On Monday, Rogers was convicted of six misdemeanors, for each of which he will serve 12 months of prison time. He was found guilty of four simple assaults, property damage and hit-and-run. He also faces three felony charges of attempted malicious wounding. These counts — one for each of the three people he struck with his vehicle — are set to be heard before a grand jury next month.
On the evening of June 7, Rogers drove a blue Chevrolet pickup truck into a crowd of Black Lives Matter protesters on Lakeside Avenue near Vale Street in Henrico County, Virginia.
Two of the individuals who were hit by Rogers’ vehicle testified in court on Monday. According to prosecutors, a cyclist named Richard Sebastian was struck by Rogers’ truck. He was carrying water and other aid equipment for protesters and had stopped for a drink of water when he noticed Rogers revving his engine.
“He looked very determined,” said Sebastian during his testimony. His was struck by Rogers’ truck while on his bicycle, and his foot was run over by the vehicle.
Another demonstrator named Mary Repole was struck by the truck two times and says her chronic back pain has worsened as a result. Repole said that on one of the occasions she jumped on top of the vehicle in attempt to avoid being dragged underneath of it.
Some of the protesters drew comparisons between Rogers’ actions at the June 7 demonstration and the 2017 Charlottesville rally during which a counter-protester was killed by a white nationalist who drove his car into a crowd.
Witnesses said Rogers exited his vehicle at one point, showing off his pistol while his teenage son remained in the car. Upon searching Rogers’ home, police also found an assault-style rifle, a vest, and extended magazine clips and ammunition.
A “green grand dragon robe,” among other forms of memorabilia, link Rogers to the KKK. A document found in Rogers’ home called “The Practice of Klanishness” underscored his adherence to white supremacist ideology.
Henrico County Commonwealth’s Attorney Shannon Taylor said Rogers was a Klan leader by his own admission.

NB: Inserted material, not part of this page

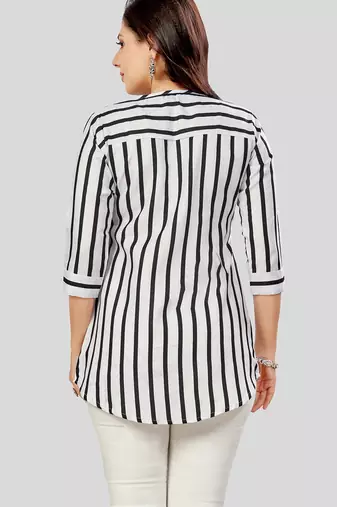  cotton blend printed short kurti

After the incident, Rogers bragged in a video about his actions. “They scattered like cockroaches,” Rogers said in the video posted to Facebook. “It’s kind of funny if you ask me.”
Because all three of the victims struck by the video are white, Judge Thomas O. Bondurant Jr believes they were not targeted because of their race, and Rogers was not charged with a hate crime.